## Task objective
Your answer should be a number only: the count of lines in the following entries that contain "Flat".

Dataset items
Segment Open

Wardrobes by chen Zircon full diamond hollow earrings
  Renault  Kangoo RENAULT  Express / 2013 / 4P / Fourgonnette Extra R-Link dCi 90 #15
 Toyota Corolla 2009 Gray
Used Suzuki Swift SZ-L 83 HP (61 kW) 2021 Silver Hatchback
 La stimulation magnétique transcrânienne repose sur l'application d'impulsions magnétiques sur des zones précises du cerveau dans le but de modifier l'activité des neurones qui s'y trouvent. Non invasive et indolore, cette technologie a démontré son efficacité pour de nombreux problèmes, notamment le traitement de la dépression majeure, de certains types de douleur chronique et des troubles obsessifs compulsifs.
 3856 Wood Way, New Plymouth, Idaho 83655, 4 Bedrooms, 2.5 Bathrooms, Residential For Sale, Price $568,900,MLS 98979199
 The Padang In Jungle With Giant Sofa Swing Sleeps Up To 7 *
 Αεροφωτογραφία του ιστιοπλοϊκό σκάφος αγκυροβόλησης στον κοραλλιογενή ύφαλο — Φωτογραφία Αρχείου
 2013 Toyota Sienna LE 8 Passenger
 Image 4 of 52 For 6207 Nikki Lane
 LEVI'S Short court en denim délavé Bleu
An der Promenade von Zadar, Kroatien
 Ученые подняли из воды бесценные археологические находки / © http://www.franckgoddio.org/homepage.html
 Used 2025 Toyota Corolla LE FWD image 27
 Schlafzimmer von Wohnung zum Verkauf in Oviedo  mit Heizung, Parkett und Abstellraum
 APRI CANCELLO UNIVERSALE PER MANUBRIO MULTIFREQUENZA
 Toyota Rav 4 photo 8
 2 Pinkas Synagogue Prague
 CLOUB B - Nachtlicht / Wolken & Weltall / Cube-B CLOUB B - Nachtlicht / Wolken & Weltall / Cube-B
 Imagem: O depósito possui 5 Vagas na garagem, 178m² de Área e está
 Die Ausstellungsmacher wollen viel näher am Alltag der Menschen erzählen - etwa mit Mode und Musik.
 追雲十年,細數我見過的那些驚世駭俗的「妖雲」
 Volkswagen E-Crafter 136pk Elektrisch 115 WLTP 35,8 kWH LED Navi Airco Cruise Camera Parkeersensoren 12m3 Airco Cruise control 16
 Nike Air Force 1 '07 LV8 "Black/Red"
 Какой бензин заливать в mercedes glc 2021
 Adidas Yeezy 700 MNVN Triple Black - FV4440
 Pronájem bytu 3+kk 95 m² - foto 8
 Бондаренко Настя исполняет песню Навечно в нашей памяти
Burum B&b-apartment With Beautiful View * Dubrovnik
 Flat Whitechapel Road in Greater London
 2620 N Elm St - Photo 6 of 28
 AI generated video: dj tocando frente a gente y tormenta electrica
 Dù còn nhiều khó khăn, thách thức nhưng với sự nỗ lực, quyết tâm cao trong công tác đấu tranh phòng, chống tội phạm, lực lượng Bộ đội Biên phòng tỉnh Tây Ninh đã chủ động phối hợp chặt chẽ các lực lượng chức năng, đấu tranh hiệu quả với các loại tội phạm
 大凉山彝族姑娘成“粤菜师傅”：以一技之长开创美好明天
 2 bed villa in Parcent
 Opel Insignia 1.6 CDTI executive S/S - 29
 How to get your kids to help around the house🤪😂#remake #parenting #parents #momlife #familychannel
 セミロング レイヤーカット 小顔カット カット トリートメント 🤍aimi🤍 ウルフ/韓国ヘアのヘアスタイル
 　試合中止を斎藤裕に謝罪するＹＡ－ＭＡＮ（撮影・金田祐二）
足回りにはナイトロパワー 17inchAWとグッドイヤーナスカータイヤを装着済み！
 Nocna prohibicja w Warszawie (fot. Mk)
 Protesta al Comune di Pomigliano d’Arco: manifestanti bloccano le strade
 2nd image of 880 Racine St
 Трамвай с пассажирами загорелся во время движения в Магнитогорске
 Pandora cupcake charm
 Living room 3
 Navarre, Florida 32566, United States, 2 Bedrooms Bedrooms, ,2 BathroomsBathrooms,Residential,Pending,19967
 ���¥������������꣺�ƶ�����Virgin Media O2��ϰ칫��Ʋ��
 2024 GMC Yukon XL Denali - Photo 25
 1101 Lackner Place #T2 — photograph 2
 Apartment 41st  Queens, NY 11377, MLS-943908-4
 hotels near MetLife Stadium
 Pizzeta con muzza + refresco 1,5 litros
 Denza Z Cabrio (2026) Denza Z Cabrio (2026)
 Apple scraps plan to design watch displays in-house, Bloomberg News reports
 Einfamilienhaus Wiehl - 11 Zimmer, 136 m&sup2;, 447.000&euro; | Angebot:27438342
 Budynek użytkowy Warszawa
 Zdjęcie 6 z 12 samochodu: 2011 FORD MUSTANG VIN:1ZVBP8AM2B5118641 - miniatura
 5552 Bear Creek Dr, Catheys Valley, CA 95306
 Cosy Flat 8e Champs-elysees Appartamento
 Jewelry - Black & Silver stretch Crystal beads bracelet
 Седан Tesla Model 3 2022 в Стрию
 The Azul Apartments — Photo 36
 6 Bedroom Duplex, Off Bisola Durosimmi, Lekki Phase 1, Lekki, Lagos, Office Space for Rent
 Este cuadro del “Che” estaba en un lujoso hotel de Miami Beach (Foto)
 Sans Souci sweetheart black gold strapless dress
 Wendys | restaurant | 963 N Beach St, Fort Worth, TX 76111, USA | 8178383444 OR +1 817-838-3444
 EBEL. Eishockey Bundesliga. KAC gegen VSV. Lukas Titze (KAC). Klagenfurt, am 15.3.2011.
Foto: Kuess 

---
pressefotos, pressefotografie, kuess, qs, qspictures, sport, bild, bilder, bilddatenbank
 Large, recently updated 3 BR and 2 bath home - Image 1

Segment Closed

## Solution for this exercise
2